When I finally decided to open the mail at about 7:30 at night, I saw my Georgetown envelope.  It was a small envelope.  As I got the mail opener out to open the letter I pretended to read aloud to my parents, “Dear Patrick,  This year we had a record number of applicants apply.  Unfortunately we could not decide to admit you…”… but I broke off after that.  I actually  could not speak.  Inside the envelope there was something describing Georgetown housing and financial aid.  I finally managed to gasp, “what? WHAT?”  Confused, my parents tried to figure out what was going on.  I unfolded the papers inside the envelope to find a letter.  Somewhere on the first line was the word, “Congratulations”.  I literally was stunned.  Shocked.  I didn’t believe it.  I reread the first line.  A million emotions were going through me.  Good emotions.  I was overjoyed.  But I still, could not believe it.  My Mom screamed.  My Dad read the letter.  It was an incredible moment.  I was shaking. Shaking.  I was so, so, so, happy.  I told a few friends.  I told my school counselor.  I did not do anything the whole night besides sit at home in disbelief and bliss.
It’s been about a month and I still can’t believe I got in.  It doesn’t really feel real.  I’m incredibly excited and happy, but I don’t think it will feel completely real or completely hit me until I’m actually there.  I visited a few weekends ago and I’m still in absolute love with the school—the people, the vision, the professors, the lifestyle.  I heard a bunch of seniors making speeches about their experience with Georgetown, and I truly felt so inspired.

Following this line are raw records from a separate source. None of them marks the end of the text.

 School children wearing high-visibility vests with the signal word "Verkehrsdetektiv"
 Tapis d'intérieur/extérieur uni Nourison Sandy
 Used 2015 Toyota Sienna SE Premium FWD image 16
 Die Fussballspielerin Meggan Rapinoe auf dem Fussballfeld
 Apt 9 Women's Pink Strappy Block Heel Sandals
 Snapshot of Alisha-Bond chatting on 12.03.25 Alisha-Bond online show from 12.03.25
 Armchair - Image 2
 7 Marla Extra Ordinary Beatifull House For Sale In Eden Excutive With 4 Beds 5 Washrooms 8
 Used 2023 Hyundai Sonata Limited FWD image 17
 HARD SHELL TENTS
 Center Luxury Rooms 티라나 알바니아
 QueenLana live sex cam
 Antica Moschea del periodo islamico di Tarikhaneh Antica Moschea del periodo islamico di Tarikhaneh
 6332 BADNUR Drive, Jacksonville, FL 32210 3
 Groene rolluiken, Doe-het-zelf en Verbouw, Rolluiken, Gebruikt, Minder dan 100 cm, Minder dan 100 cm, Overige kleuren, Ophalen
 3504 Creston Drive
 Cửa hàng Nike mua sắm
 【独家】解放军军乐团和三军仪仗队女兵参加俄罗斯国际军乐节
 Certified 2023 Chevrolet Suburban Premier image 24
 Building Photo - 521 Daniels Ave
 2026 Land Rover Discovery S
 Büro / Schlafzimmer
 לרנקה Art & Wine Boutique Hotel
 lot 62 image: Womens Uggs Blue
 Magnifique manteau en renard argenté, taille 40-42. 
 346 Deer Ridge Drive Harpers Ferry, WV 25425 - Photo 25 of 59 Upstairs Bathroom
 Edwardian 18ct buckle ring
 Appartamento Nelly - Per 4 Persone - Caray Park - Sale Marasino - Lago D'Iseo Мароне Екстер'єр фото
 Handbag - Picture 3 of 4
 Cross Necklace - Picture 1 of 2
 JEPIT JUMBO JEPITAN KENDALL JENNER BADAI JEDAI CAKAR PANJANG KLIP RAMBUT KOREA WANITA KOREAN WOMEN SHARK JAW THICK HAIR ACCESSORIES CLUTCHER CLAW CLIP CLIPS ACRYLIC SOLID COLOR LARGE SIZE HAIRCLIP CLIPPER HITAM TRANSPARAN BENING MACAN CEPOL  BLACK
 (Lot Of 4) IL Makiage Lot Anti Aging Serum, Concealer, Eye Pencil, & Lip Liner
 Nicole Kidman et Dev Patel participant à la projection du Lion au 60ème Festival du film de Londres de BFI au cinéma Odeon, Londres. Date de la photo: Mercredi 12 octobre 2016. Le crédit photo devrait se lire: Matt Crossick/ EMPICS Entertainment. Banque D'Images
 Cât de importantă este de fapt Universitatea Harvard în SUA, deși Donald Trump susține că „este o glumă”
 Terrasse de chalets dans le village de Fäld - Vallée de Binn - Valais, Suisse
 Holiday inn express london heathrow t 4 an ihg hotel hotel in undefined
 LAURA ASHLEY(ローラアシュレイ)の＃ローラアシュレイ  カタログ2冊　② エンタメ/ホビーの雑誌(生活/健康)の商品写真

I really feel like there was some divine intervention in this.  I feel like God really wanted me to work on those other applications.  He knew it would be good for me.  I really feel like my stats were too low for Georgetown, and I probably would not have gotten in normally, but I really feel like God knew how much I wanted to go and also wanted me to go there.  I’m so happy and so thankful.  
I’ve realized that while we may have our hearts crushed that were set on something, that perhaps it was for an even greater thing that we didn’t get what we wanted.  Maybe there really is a bigger picture that we don’t know about.  I just think that maybe good things don’t happen so that great things can happen.  So if anyone out there is feeling disappointed… have hope.  There may be better things in store.
 

Thank you so much to everyone who read that rant back in December.  That really meant a lot.  If you read this then wow.  I’m literally honored.